When The NDP Wants To Do Something, Anything

...they write-up up a whack of by-laws and form a commission, because more bureaucracy is always the answer.

Actually, another great piece by Dennis Gruending on the federal New Democrats attempt to reach out to faith-based groups and religiously motivated individuals through its recently created Faith and Social Justice Commission. Mr. Gruending deserves more readers, although I think sometimes his material is too calm and meticulously reasoned for the blogosphere. I'd suggest he throw in the occasional "boobies" gag, but I get the impression that just isn't where his head is at.

In any case, from the article:

[NDP MP] Comartin says that he has seen a change occurring among faith-based groups in the past four or five years. “We are witnessing a shift from the primary focus of these groups being right wing and based upon what they call family values back to a more left of centre position. These people are increasingly concerned about peace, poverty and the environment and they are coming at it from a more progressive perspective.”

Ducasse and Comartin agree that Barrack Obama’s effective outreach to faith-based groups during his presidential campaign in 2008 was an important development. Comartin says, “Faith groups in the U.S. became active on behalf of the Democrats in the way that they had been for the Republicans in earlier times. This arose from pastors and others seeing the problems that people in their congregations and their communities were facing, and they became involved in politics because of their faith and their desire to create change. Political leaders are recognizing this.”

Interesting that, down in the States, both Republicans and Dems. are fighting over the "less religious" vote.

6 comments:

leftdog said...

"Actually, another great piece by Dennis Gruending on the federal New Democrats attempt to reach out to faith-based groups"

If you like the Gruending piece ... why the negative headline to your post???

bigcitylib said...

Because I also think its a typical means of the NDP proceeding.
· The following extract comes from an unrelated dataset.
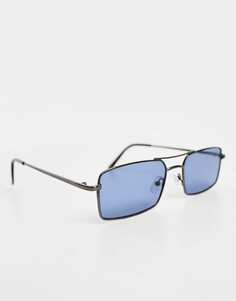 Узкие квадратные солнцезащитные очки-авиаторы из бронзы с темно-синими линзами ASOS DESIGN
Very process, not much product. Note that the commission has barely met.

leftdog said...

"FOOLS RUSH IN .. where Angels fear to tread!"

KC said...

Blech... More religion in politics.

Anonymous said...

It's the Social Justice part that is attractive. And certainly much better than Mr. McKay who Iggy has dispatched to reach out to the religious (Evangelical) vote.Ignatieff wants to make sure church-going Christian voters feel at home in the Liberal Party. He has his work cut out for him , McKay's voting record on same-sex marriage (he voted against) and his pro-life stance won’t make him many friends in some parts of the Liberal Party.

Unknown said...

The Commission is all product, BCL!

For the record the Commission meets quite frequently - usually once a month or more - and engages in extensive outreach with a wide array of multi-denominational Christian, Jewish, Islamic, Hindu and Sikh communities.
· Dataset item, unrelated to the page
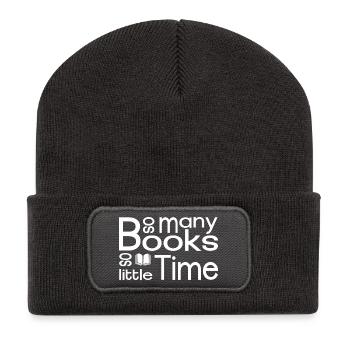 So viele Bücher so wenig Zeit - Recycelte Patch Beanie - Dunkelgrau - Vorne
Its overarching purpose, as Joe alludes in the article, is to wrestle issues of faith back from the right and aggressivley make the case that social justice, poverty, and environmental sustainability can and should be just as - perhaps more - important to people of faith than dogmatic opposition to civil rights for gay and lesbian people or the reproductive rights of women.

I agree that DG's work is almost always excellent.
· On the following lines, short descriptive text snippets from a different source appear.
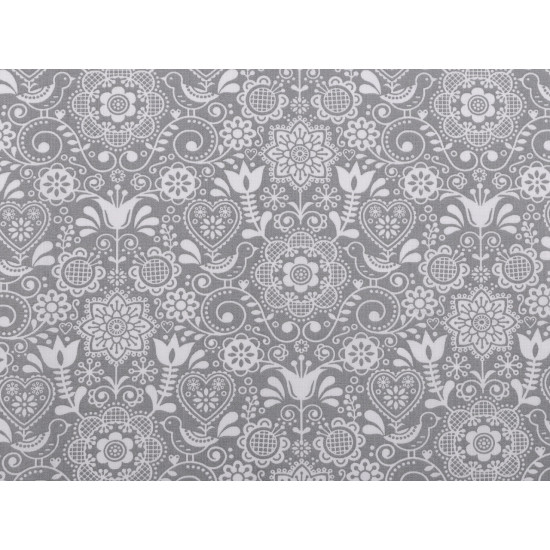 Cotton fabric / canvas - folk style - Grey (1 Meter)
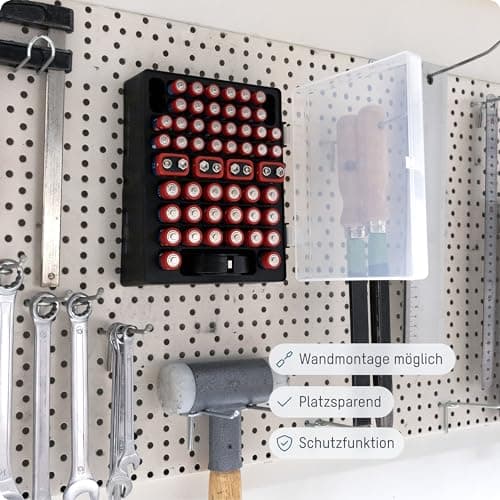 ANSMANN Battery Station [Pack of 1] Battery Storage Organiser Case for AA, AAA, and 9V Block Batteries Ideal For Storing Protecting Full and Empty Batteries - Battery Tester Included — view 2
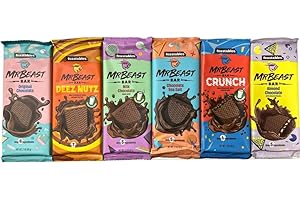HEART FOR CARDS MrBeast Feastables - New Dairy-Free Chocolate Bars - PROBIERPAKET : alle 6 Sorten enthalten + Heartforcards® Versandschutz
As for the transparently partisan, largely unecessary knock on the NDP - typical Liberal means of proceeding to paraphrase you - I just watched a whole bunch of Commissions meet at the Seinfeld Convention in Vancouver. They covered almost exactly` the same issue areas... women, aboriginals, envrionment et al.

Not really a unique characteristic of Canada's social democratic movement, but just kinda... how parties organize themselves and galvanize opinion around particular issues.

You seem to support the concept but then trash it instinctively... we've got to much of that in our politics, even if we're all guilty of it to some extent.

That's why I stopped reading partisan blogs, including those of my own party: they're too often predictable and lame. Occasionally I relapse, evidently.

Anyway, thanks for providing the forum and best wishes!